EPA, consulting companies, researchers, and many other scientists have developed models for environmental applications. Many journals and books have also addressed modeling fate and transport of environmental contaminants in specific media. ATSDR does not expect health assessors to be capable of critically reviewing every possible modeling study. However, if you want to learn more about specific modeling applications, you can conduct online searches and literature reviews and refer to ATSDR’s Modeling Guidance Memo (under development). Remember that modeling studies can be very difficult to review. If you do not have the expertise to critically review a modeling application, seek input from colleagues who are experienced with the model.
Though health assessors often defer to experts within or affiliated with ATSDR to conduct detailed model evaluations, you should consider certain basic issues to identify model limitations and uncertainties:
- How thorough is the documentation of the modeling? Can another modeler generate the same outputs from the documentation provided?
- Is the model designed to generate health-protective, upper-bound predictions (like a screening model)? Or predictions of the actual real-world values (like a refined model)? What is the likelihood that the model underestimates or overestimates actual contamination levels?
Tip: If you use modeling results as the only basis for your conclusions, consider whether sampling is needed to have greater confidence in the modeled estimates.
- What are the limitations and assumptions of the model? Is it being applied to a scenario for which it was designed?
- Has model performance been documented? Have model predictions been compared to observed values for your site, or for similar sites?
- What input parameters were used? How were they determined? Are they realistic? Are they upper- or lower-bound input parameters?
- Are model outputs extremely sensitive to the values of particular inputs?
- How consistent are modeled data and sampling results?
- How broad are the uncertainty bounds on critical model outputs?
If you decide that modeling data should be considered for the PHA process, you must prominently distinguish the data based on models (estimates) from those based on environmental sampling (measurements). Your documentation should describe the model used, especially its uncertainties, limitations, and assumptions.
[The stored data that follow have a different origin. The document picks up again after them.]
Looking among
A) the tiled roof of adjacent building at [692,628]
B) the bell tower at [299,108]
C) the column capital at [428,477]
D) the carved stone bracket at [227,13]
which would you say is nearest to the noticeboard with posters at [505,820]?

Consider recommending additional environmental sampling in cases where important public health decisions are based strictly on modeling data. This decision also may be affected by the nature and extent of community concerns — some community members may not be satisfied knowing that decisions about their health hinge on the results of a modeling analysis.
Remember: a model is a simplification of what might happen in the environment based on our knowledge of underlying fate and transport mechanisms. All models have assumptions and uncertainties and might not represent actual environmental conditions.